(Stored records)
((
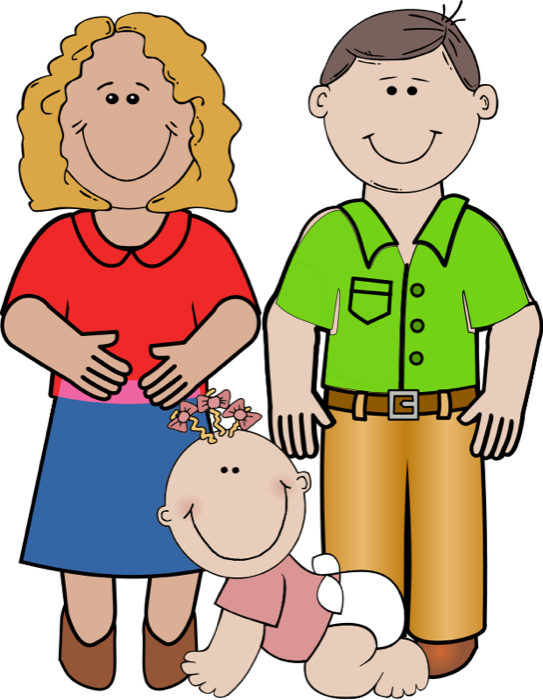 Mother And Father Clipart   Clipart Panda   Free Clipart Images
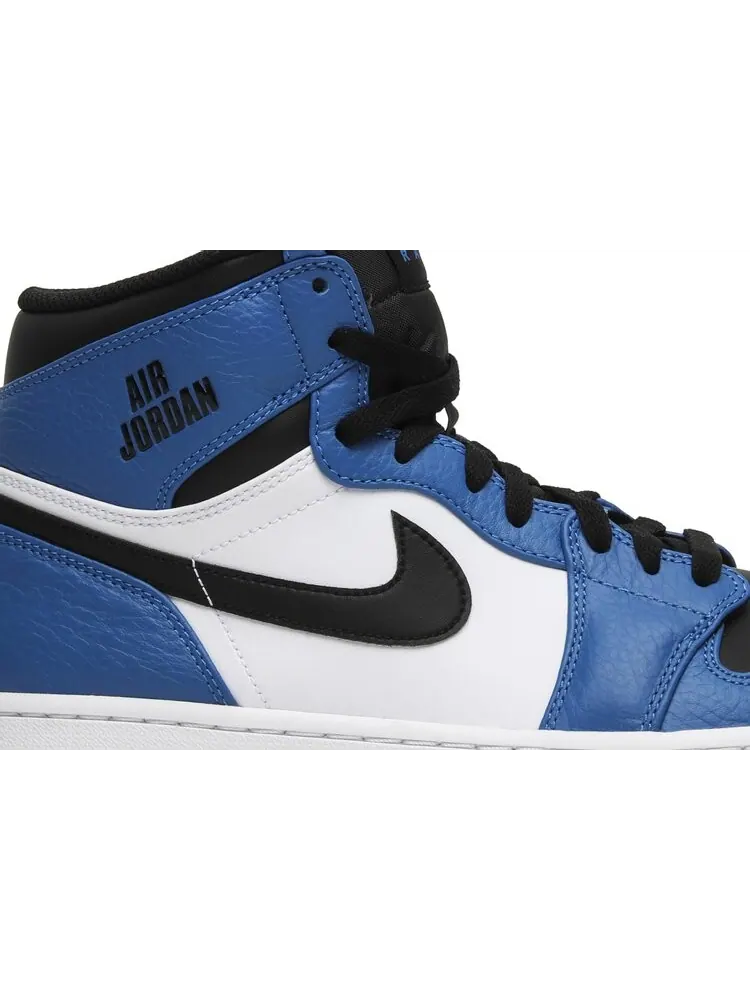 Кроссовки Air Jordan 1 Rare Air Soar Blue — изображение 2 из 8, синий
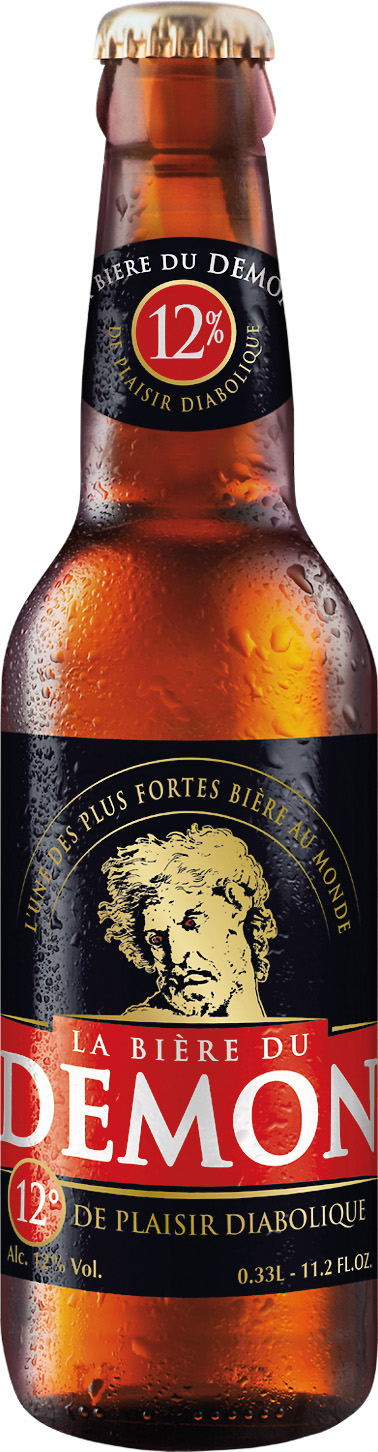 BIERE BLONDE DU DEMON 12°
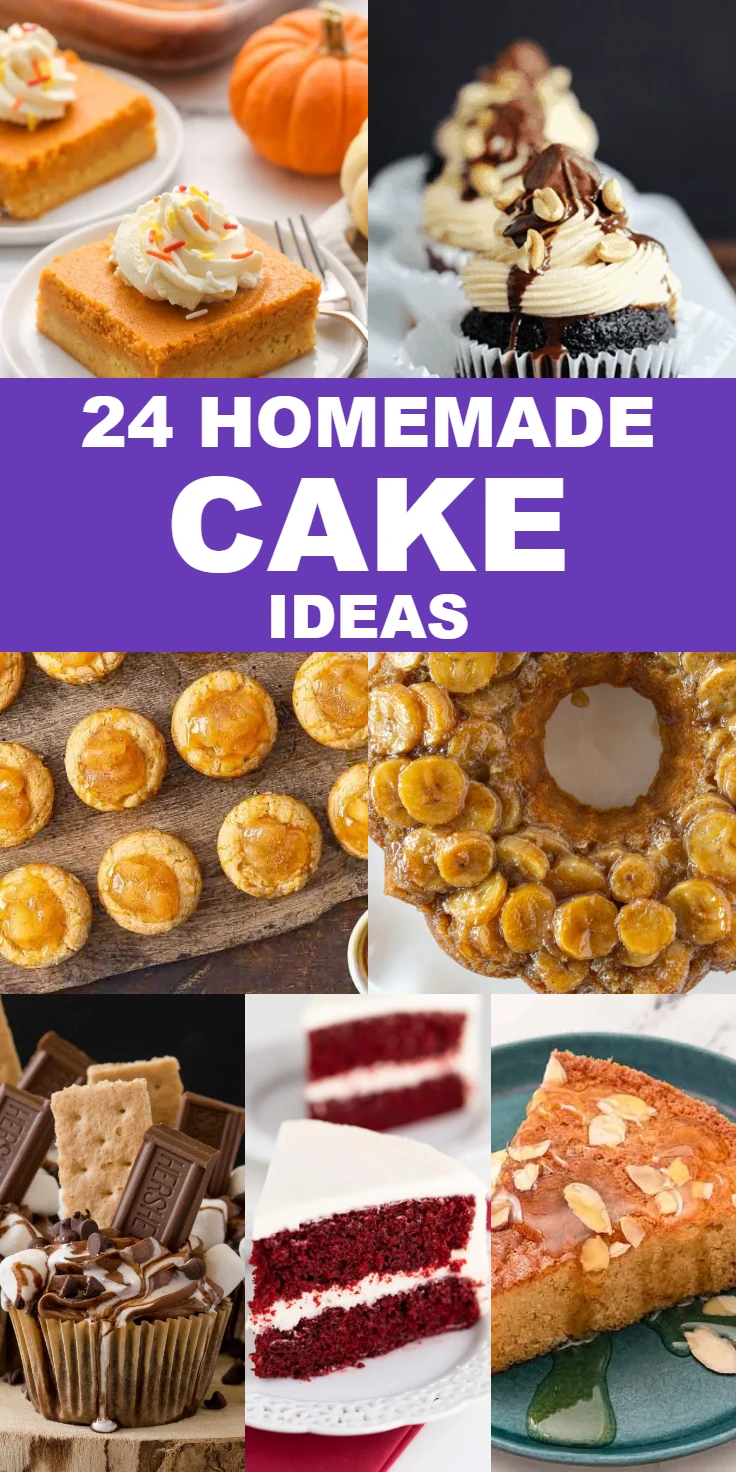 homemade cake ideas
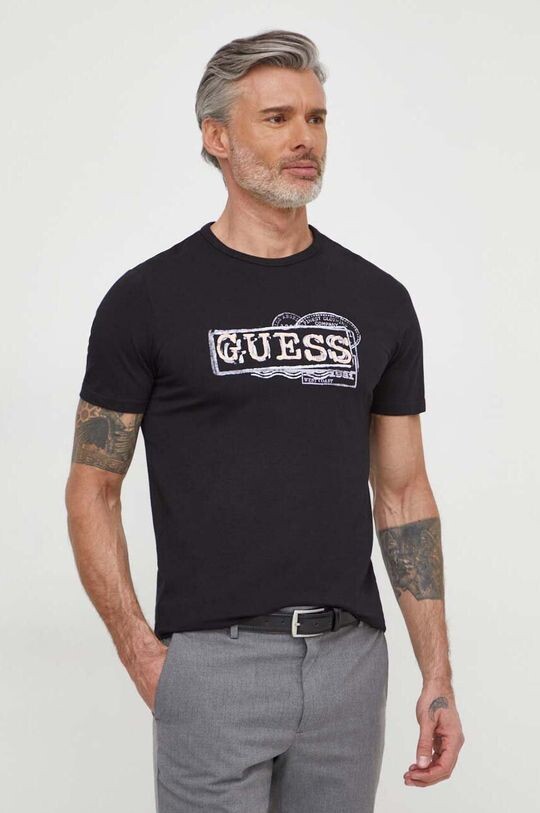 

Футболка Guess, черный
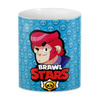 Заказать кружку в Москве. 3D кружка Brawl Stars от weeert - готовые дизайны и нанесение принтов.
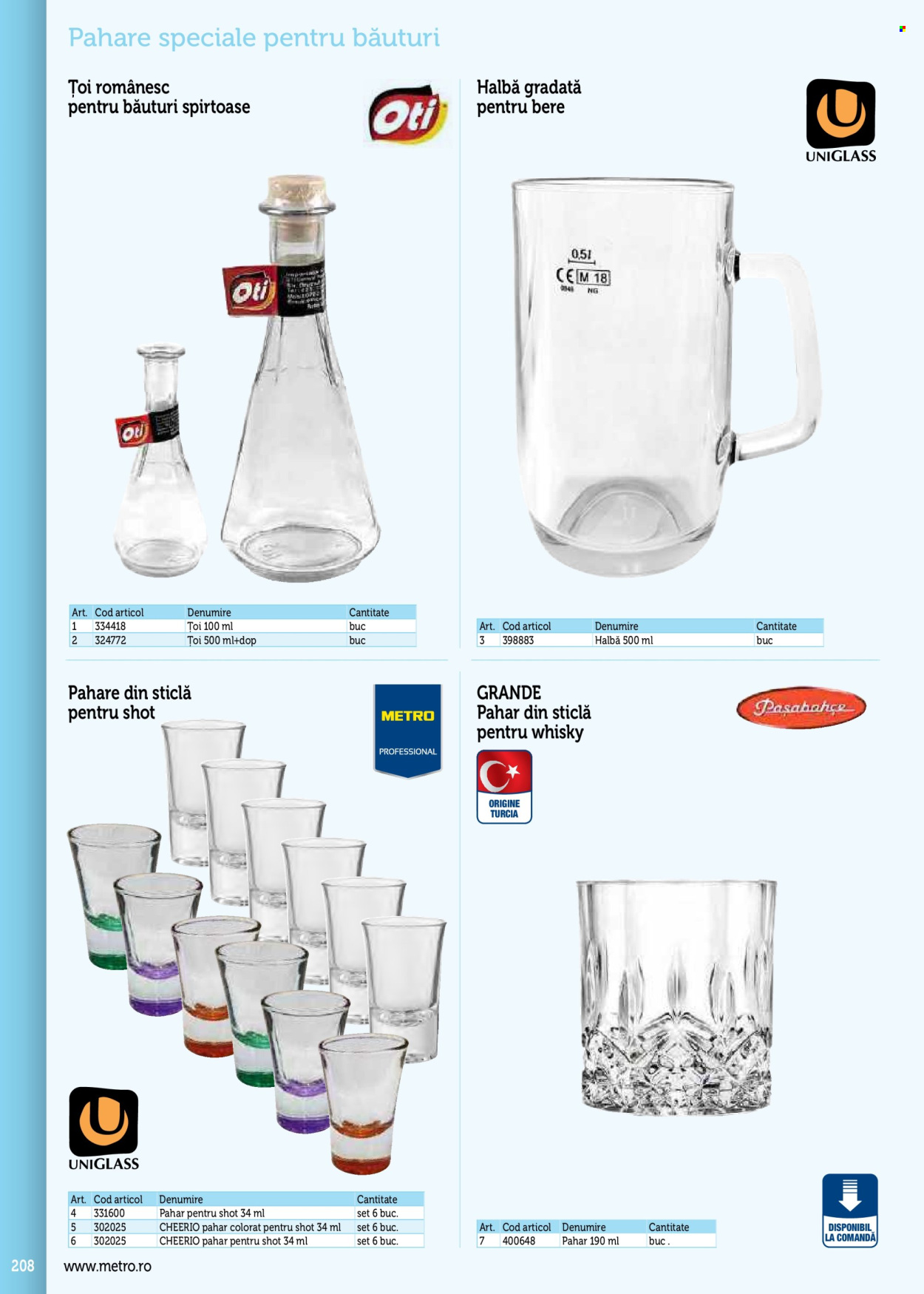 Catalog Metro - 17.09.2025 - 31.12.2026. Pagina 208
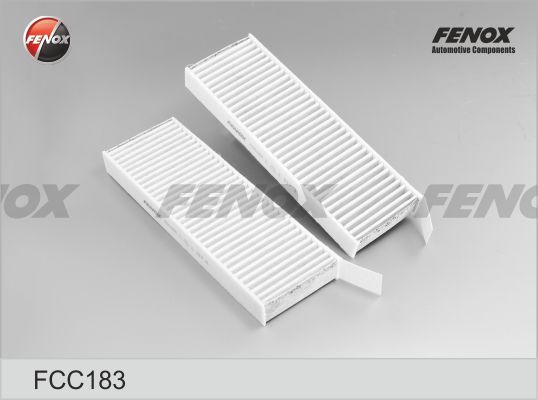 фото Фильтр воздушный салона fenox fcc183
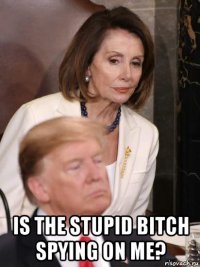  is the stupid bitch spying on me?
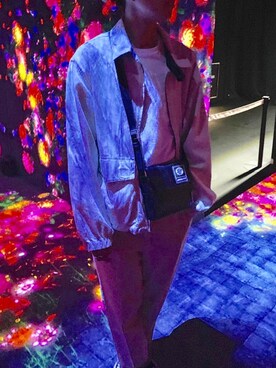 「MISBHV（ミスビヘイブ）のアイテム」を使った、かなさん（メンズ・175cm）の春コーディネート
))
** Assignment **
All pictures must be left out. Reproduce exactly the lines from the one containing "Catalog Metro - 17.09.2025" to the final line of the entries.

** Answer to this exercise **
 Catalog Metro - 17.09.2025 - 31.12.2026. Pagina 208
 фото Фильтр воздушный салона fenox fcc183
  is the stupid bitch spying on me?
 「MISBHV（ミスビヘイブ）のアイテム」を使った、かなさん（メンズ・175cm）の春コーディネート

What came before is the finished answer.